Records from a data source:
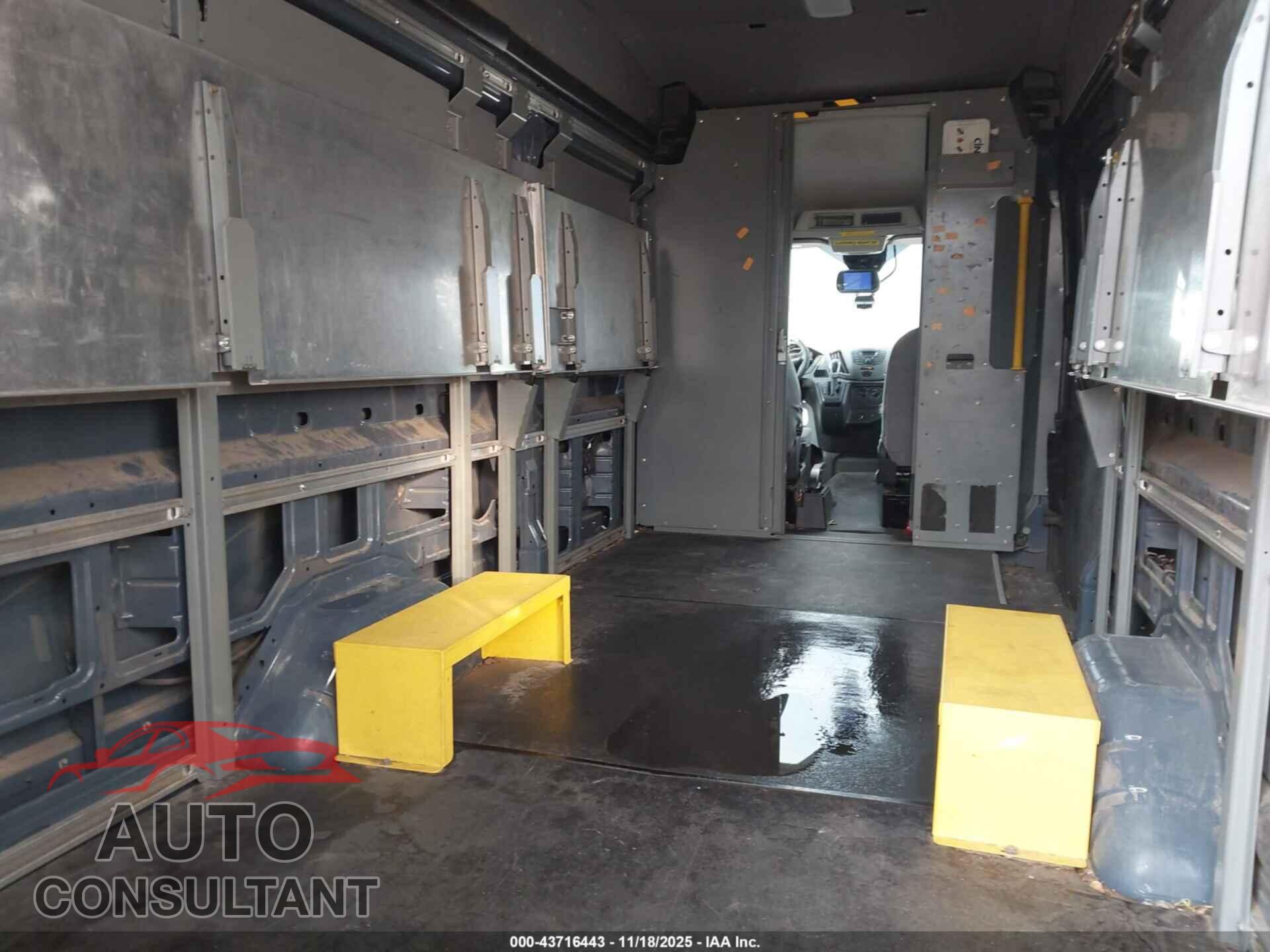 FORD TRANSIT-250 2019 - 1FTYR3XM4KKB79105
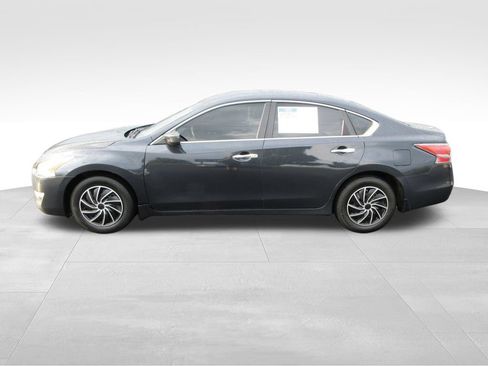 Used 2014 Nissan Altima 2.5 S w/ Display Audio Package FWD image 2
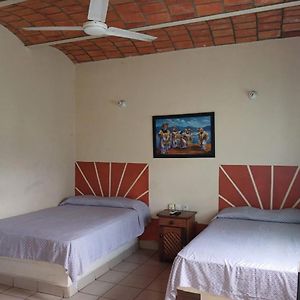 Habitación con 2 Camas Individuales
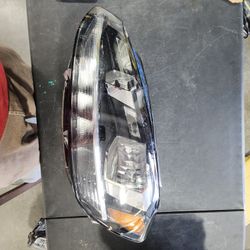 Volkwagen VW Golf Gti Alltrack Left Driver Side Headlight 2018 2019 2020 2021 Part $100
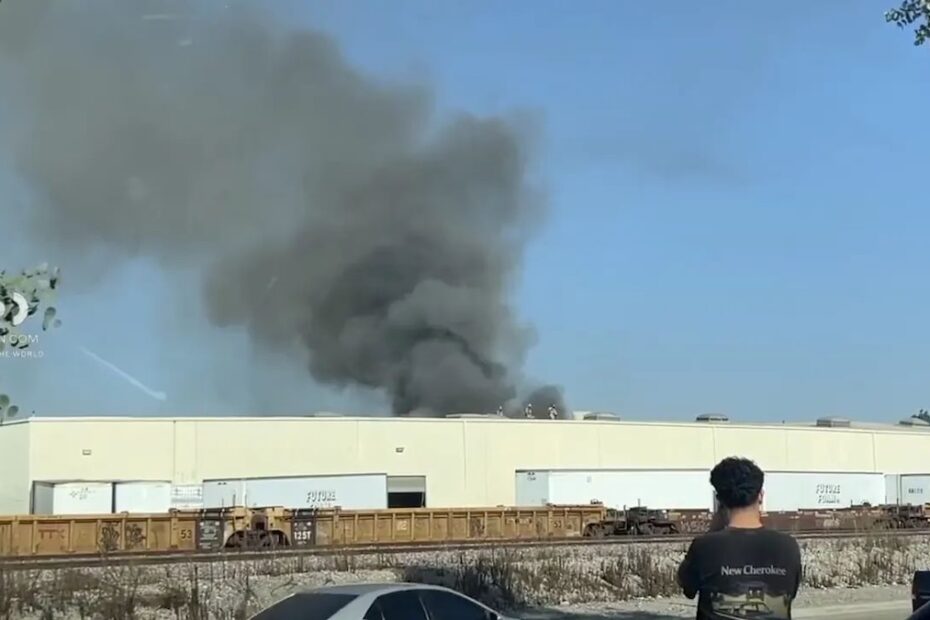 Usa, aereo precipita sul centro commerciale in California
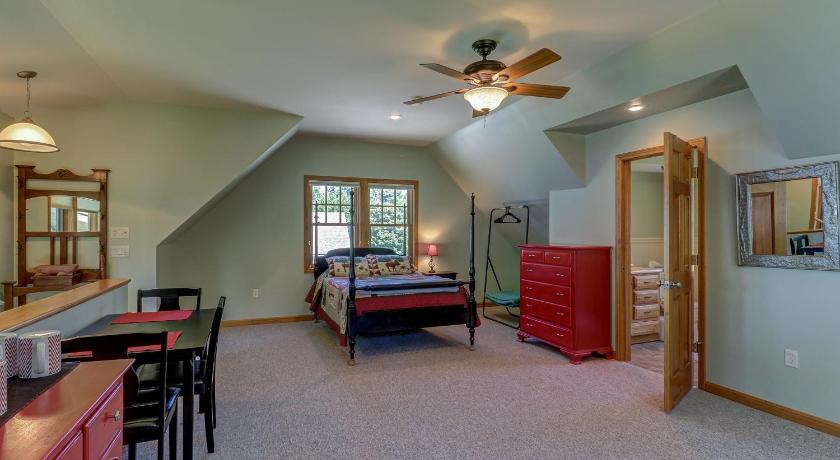 Lake Breeze Studio photo
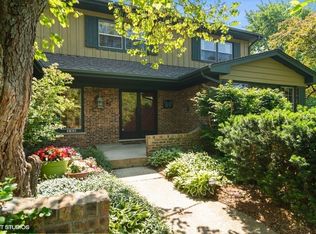 145 Kimberly Rd, Barrington, IL 60010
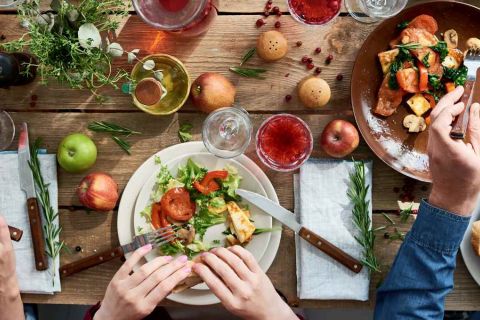 Personnes à la table, mangeant des plats végétariens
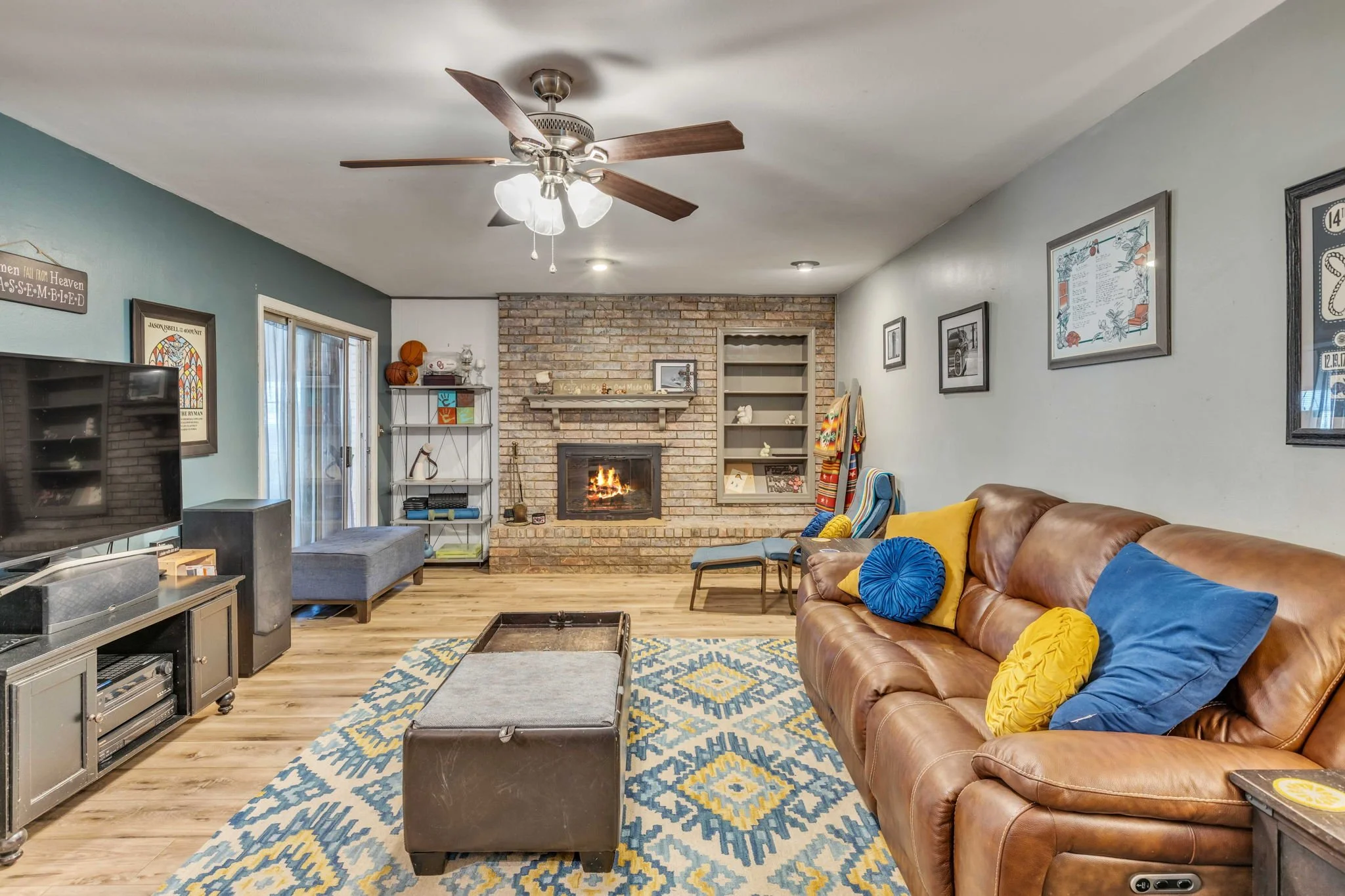 5-web-or-mls-4405 54th-5.jpg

EXERCISE
Copy out every entry above word for word; omit the images.

WRITTEN REPLY
 FORD TRANSIT-250 2019 - 1FTYR3XM4KKB79105
 Used 2014 Nissan Altima 2.5 S w/ Display Audio Package FWD image 2
 Habitación con 2 Camas Individuales
 Volkwagen VW Golf Gti Alltrack Left Driver Side Headlight 2018 2019 2020 2021 Part $100
 Usa, aereo precipita sul centro commerciale in California
 Lake Breeze Studio photo
 145 Kimberly Rd, Barrington, IL 60010
 Personnes à la table, mangeant des plats végétariens
 5-web-or-mls-4405 54th-5.jpg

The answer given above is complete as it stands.